What do I say to my friend about her bad attitude?

I have this friend, I'll call her Sandy. Sandy and I met in my city a few years ago, through a specific local arts community. Sandy is avidly interested in this art form, and while she occasionally takes lessons in the subject, she mostly resides within the community as a sort of enthusiast. Sandy can be a very thoughtful, interesting person when she wants to be. The problem comes when Sandy's bad attitude turns up, as it inevitably does.

Sandy will be oddly antisocial when we go to functions, only interacting with the very short list of people she likes. She openly criticizes many artists in the community, their work/philosophies, etc.

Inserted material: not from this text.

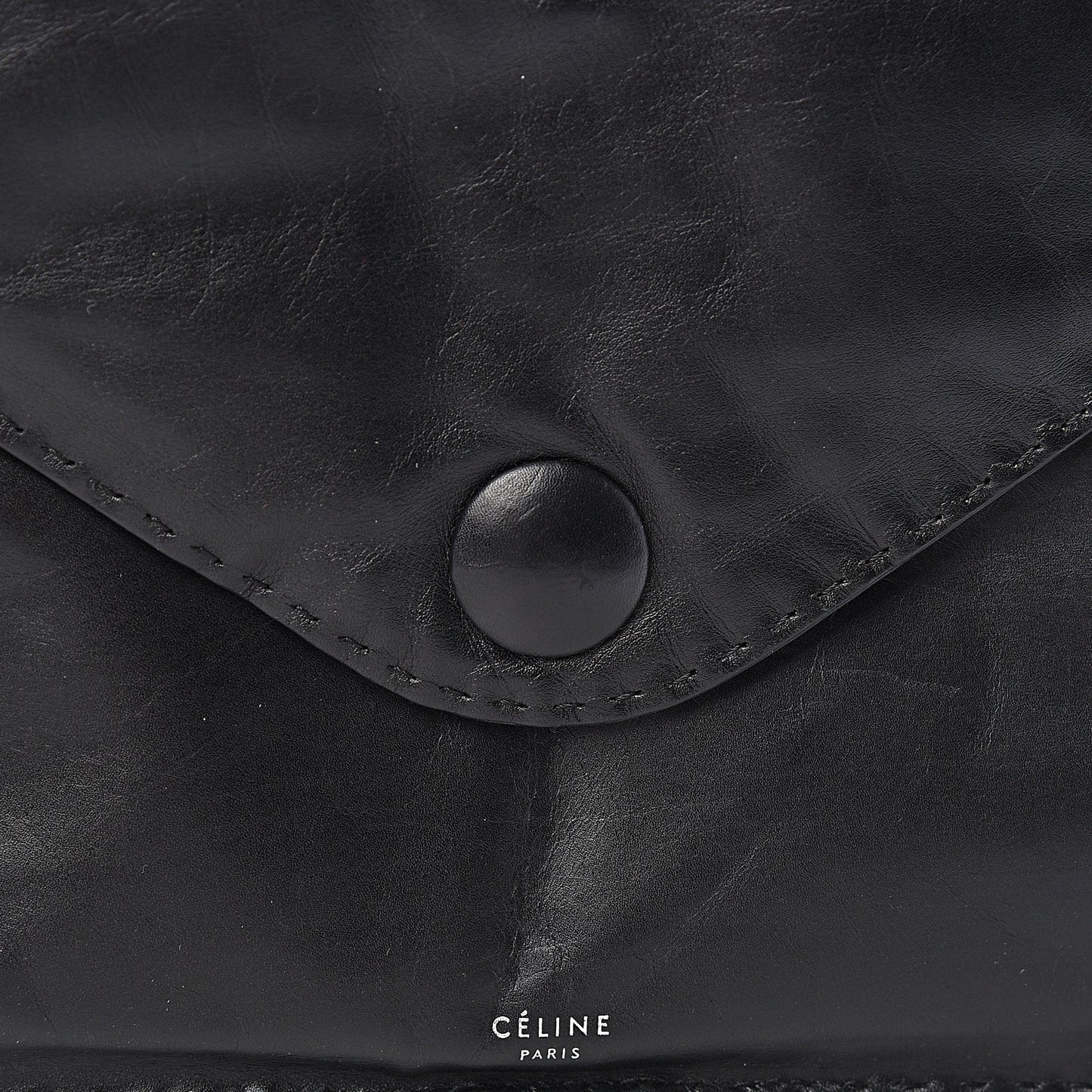 Paperweight Calfskin Clutch Pouch Black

When debating the merits of one school of thought or another, Sandy has a terrible habit of throwing out "names" she knows and being quite arrogant about it. She is sycophantic to those who are known on a national level and has made some good connections doing so. She makes the point often that our local community is a "joke" compared with [other city] where many of her successful friends work. She will claim that some perfectly nice people have tried to "burn her" because they are jealous of her connections. She also gets great deal of pleasure in one-upping people on her knowledge of the art form, especially in a public space.

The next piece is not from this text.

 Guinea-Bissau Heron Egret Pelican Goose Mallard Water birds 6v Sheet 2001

Certainly insecurity is an issue here. I am aware that she is nervous to spread her own wings artistically and have been very encouraging of her pursuing it further. I believe she falls back on her years as a semi-insider within the community as a way to earn her props. As I mentioned, she does have genuinely redeeming qualities, but overall l am frustrated.

I feel for her on many levels, as she is the perfect example of someone who is artistically blocked/fearful. I haven't said anything to her about it yet, but it's coming. She occasionally gets mad at me due to some small perceived slight (ie: not returning a call right away), or we might argue over her often irrational views of peoples' character/motivations. I don't want to pick friends based off public perception, but I think that going out with her socially may hinder my ability to make and keep relationships within the community.

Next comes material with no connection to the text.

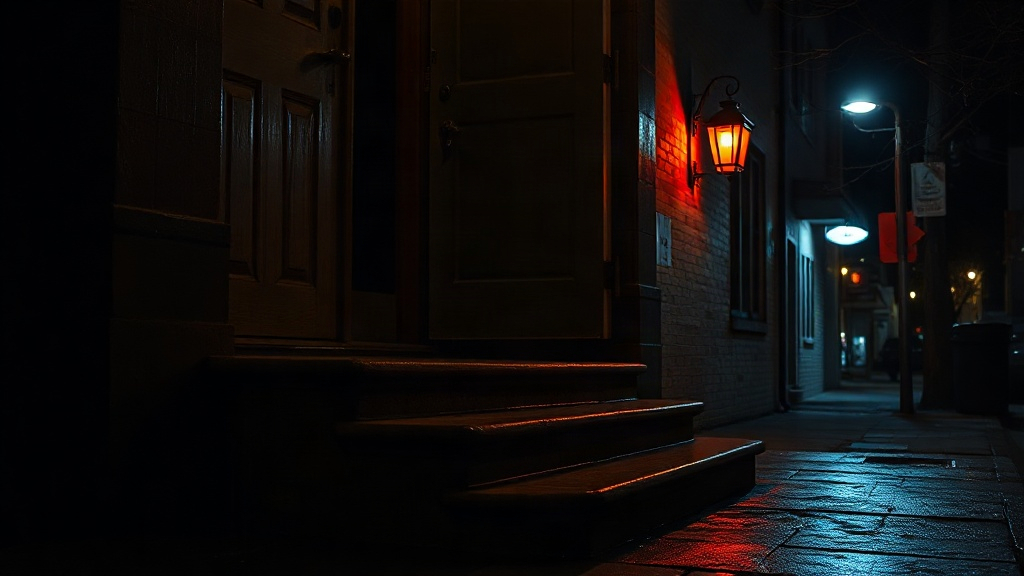 Evening stoop and a closed front door under a porch light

Is there a way to give someone feedback about this behavior, in productive manner? Is it a waste to even try? I do value the parts of the friendship when we are bonding over our shared passion and I think that she does deserve a good friend, particularly if it helps her grow out of her bitterness. I don't shy away from ending relationships if there are no redeeming parts left, but I am hoping there might be some way to salvage this. Thoughts?
posted by anonymous to Human Relations (18 answers total) 5 users marked this as a favorite
 
I'd say that the honest route is the best way to go here. It may be that she's doing all this without realizing it. I know that I came off totally differently than how I thought I did for a while, and didn't know until a friend took me aside and talked to me about it.

If she's doing all this consciously, then she probably should seek treatment of some sort.
posted by reenum at 7:59 AM on September 2, 2009 [1 favorite]


not going to be easy, you will have to risk the friendship if you want to give any sort of advice on this level.

If you are willing to do so, I'd suggest simple and direct. "I am not going to talk about that" then walk away, "When you complain about X I feel uncomfortable because I'd much rather focus on Y". "Please, stop. I love you to death but I hate it when people bash one another, cut each other up... etc" Don't be afraid of simply leaving, feed into her positive traits, don't feed into her negatives.

This may not work, especially given it seems like she gets a of reinforcement for her backbiting snobbish behavior, but afaik this is the only thing that might work.

carrot and stick... lotta carrot, small stick
posted by edgeways at 8:03 AM on September 2, 2009 [1 favorite]


Certainly insecurity is an issue here. I am aware that she is nervous to spread her own wings artistically and have been very encouraging of her pursuing it further. I believe she falls back on her years as a semi-insider within the community as a way to earn her props. As I mentioned, she does have genuinely redeeming qualities, but overall l am frustrated.

I'm sorry, but she doesn't sound particularly insecure. She sounds like a jerk.

People don't change unless they want to, and unfortunately, the art world (all art worlds, really) often reward this kind of behavior. And it's benefited her, so far--she's made famous contacts, and is able to inflate her ego and her status through name dropping and sniping at people. So what good would it do her to change?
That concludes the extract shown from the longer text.